Brief descriptive captions
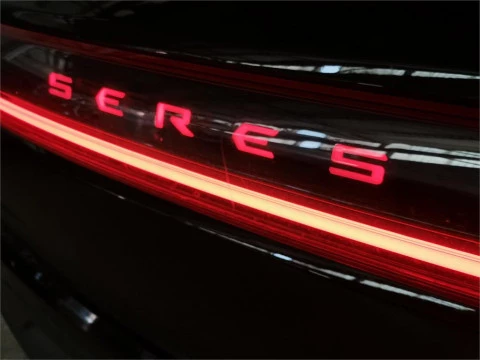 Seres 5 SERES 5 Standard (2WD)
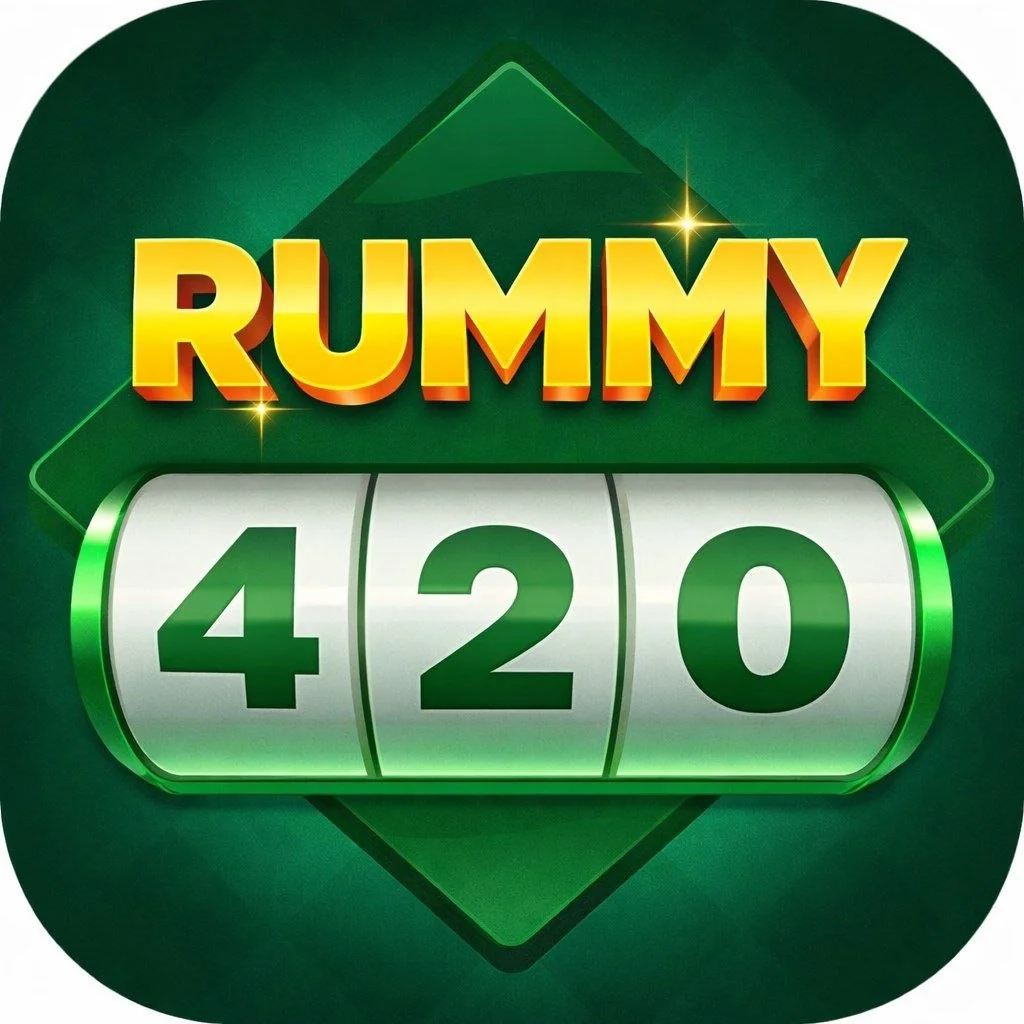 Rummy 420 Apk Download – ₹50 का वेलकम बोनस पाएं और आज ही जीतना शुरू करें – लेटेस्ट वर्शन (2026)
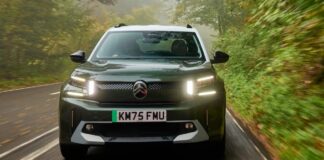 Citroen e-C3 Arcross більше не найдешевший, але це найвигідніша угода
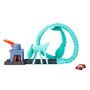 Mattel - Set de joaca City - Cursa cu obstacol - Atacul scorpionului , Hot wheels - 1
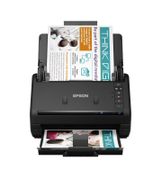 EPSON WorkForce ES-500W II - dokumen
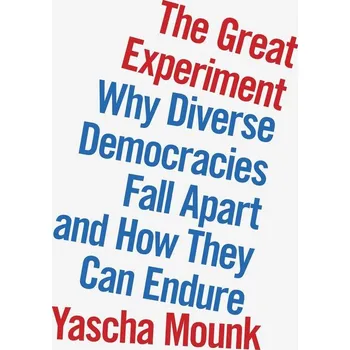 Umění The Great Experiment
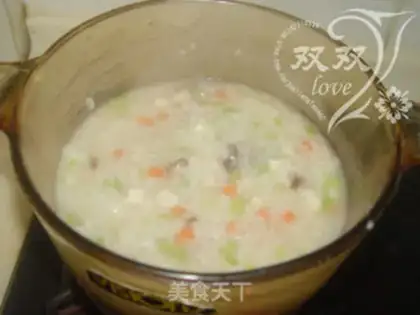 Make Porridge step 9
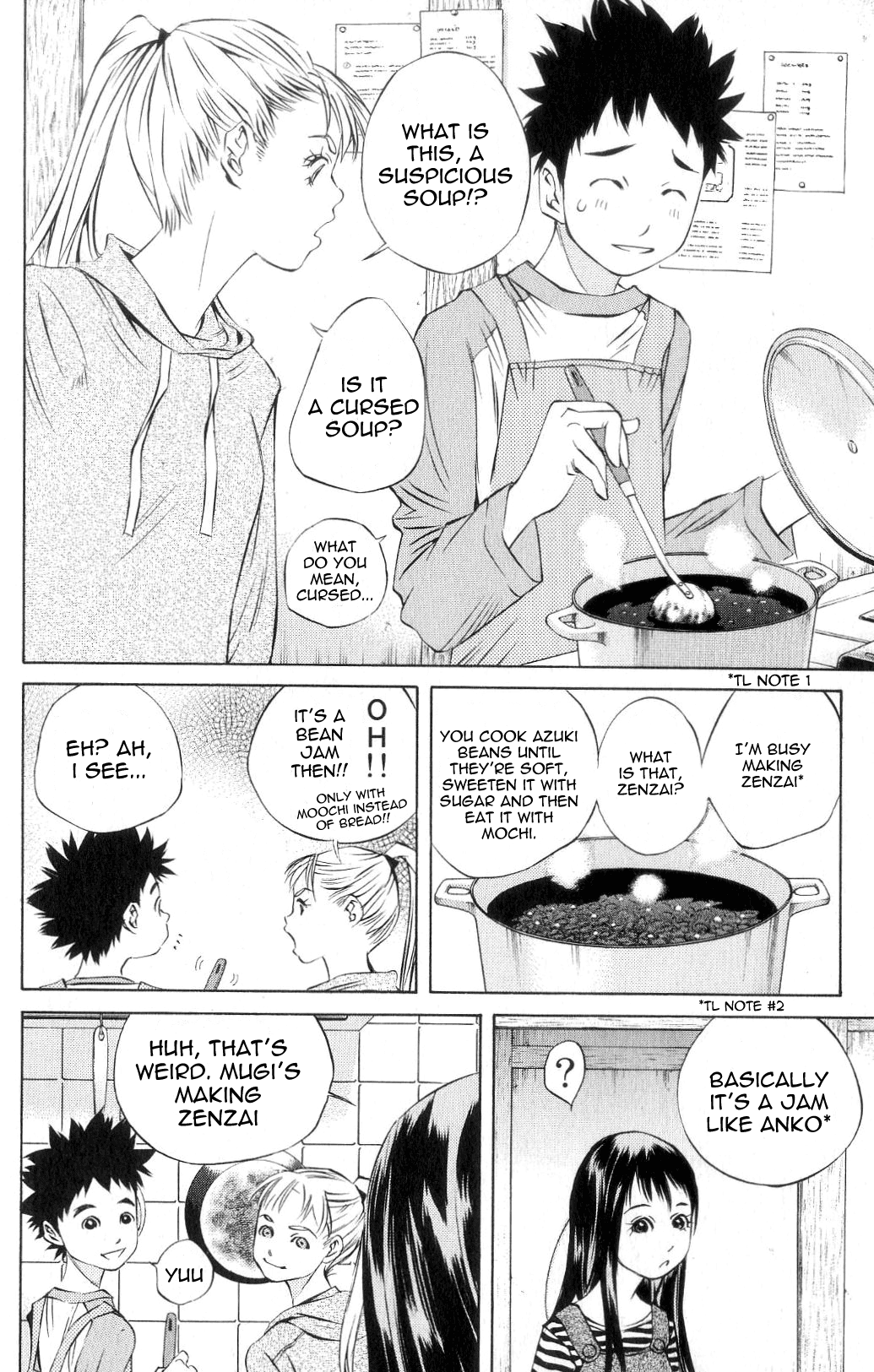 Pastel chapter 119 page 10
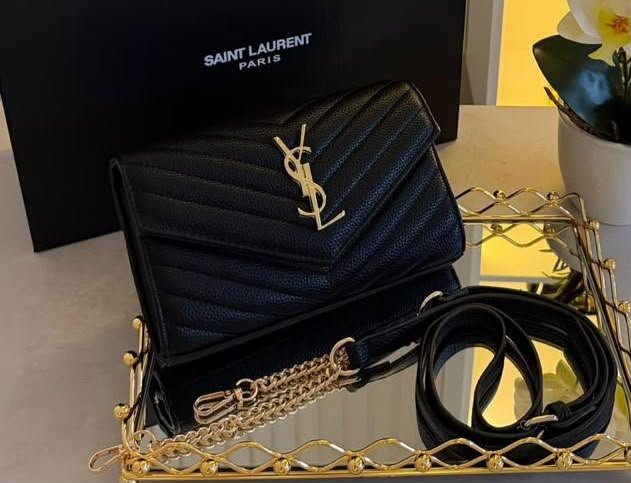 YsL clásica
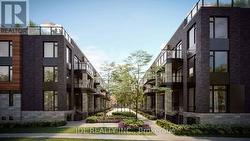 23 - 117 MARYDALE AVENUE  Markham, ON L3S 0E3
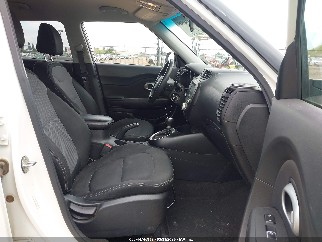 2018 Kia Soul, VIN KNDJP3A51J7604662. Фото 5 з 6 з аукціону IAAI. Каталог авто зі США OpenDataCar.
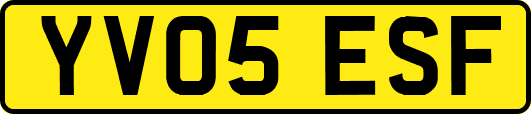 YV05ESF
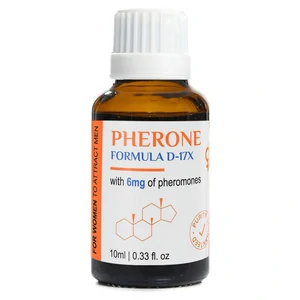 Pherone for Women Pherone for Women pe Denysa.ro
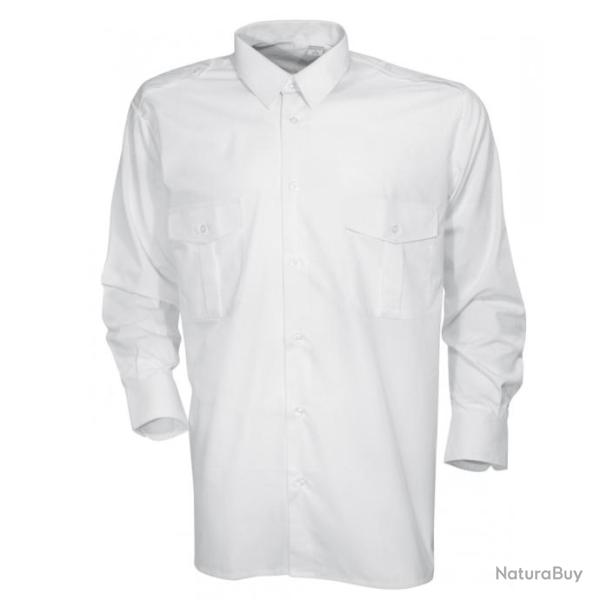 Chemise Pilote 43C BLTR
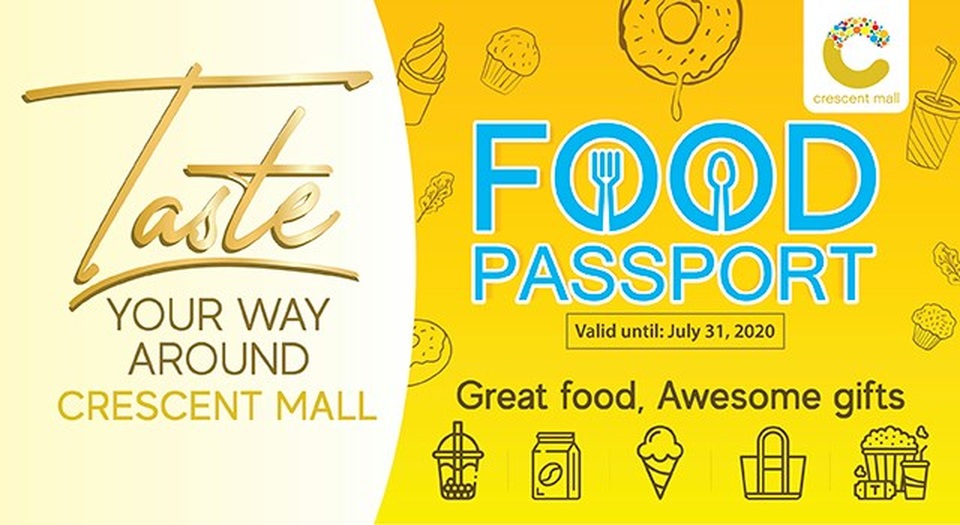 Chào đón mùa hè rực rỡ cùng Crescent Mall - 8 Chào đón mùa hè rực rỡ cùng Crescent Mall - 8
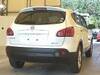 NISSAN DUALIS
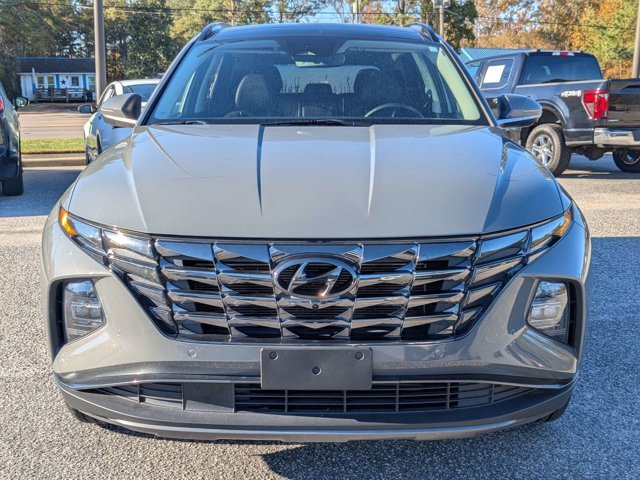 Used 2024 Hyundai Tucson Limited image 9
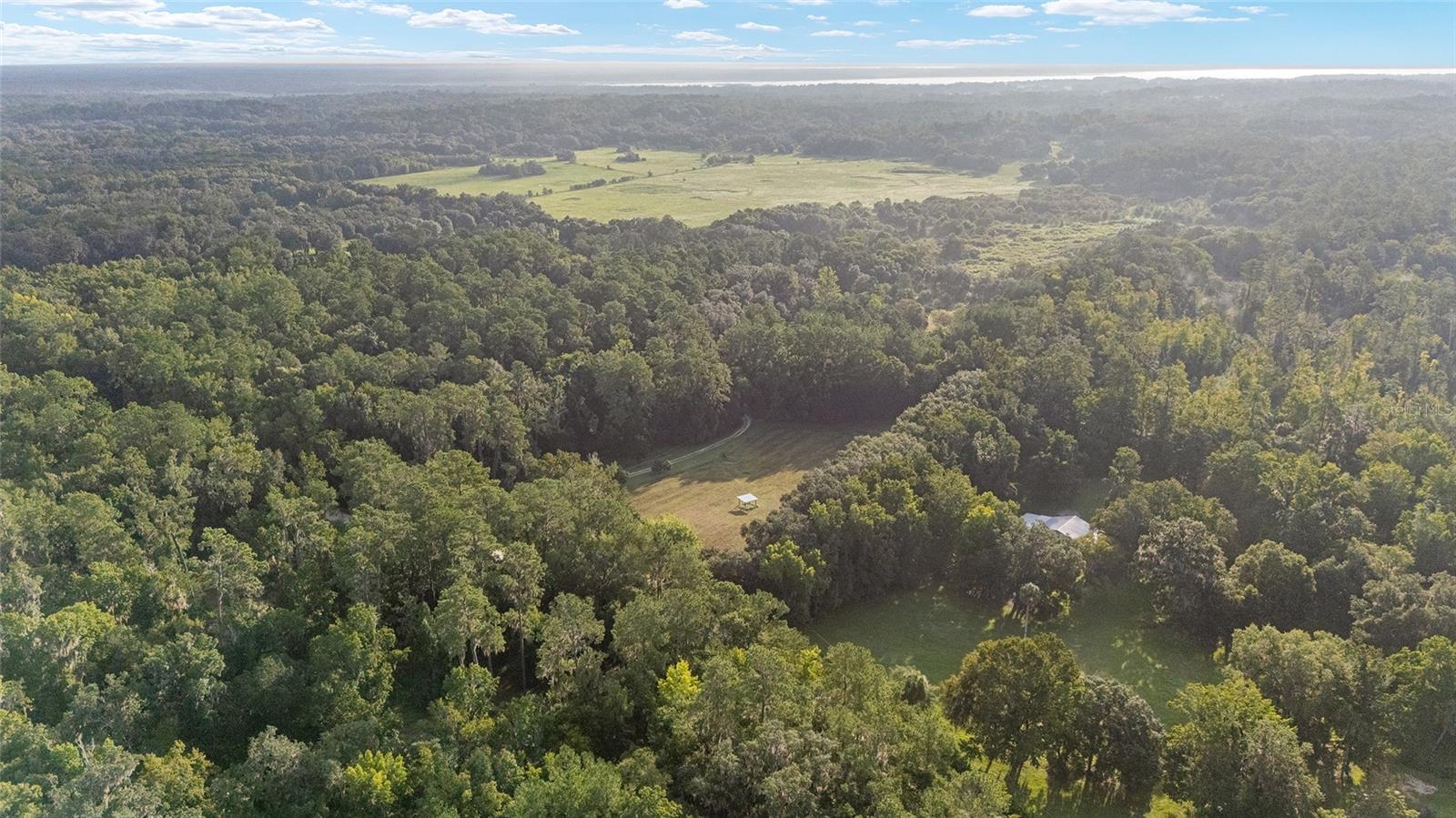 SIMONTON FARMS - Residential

» **Exercise brief**:
Only the lines from the one containing "Pherone for Women Pherone" through the end of the records above should be retyped, exactly as they stand, with any pictures left out.

» **Finished task**:
 Pherone for Women Pherone for Women pe Denysa.ro
 Chemise Pilote 43C BLTR
 Chào đón mùa hè rực rỡ cùng Crescent Mall - 8 Chào đón mùa hè rực rỡ cùng Crescent Mall - 8
 NISSAN DUALIS
 Used 2024 Hyundai Tucson Limited image 9
 SIMONTON FARMS - Residential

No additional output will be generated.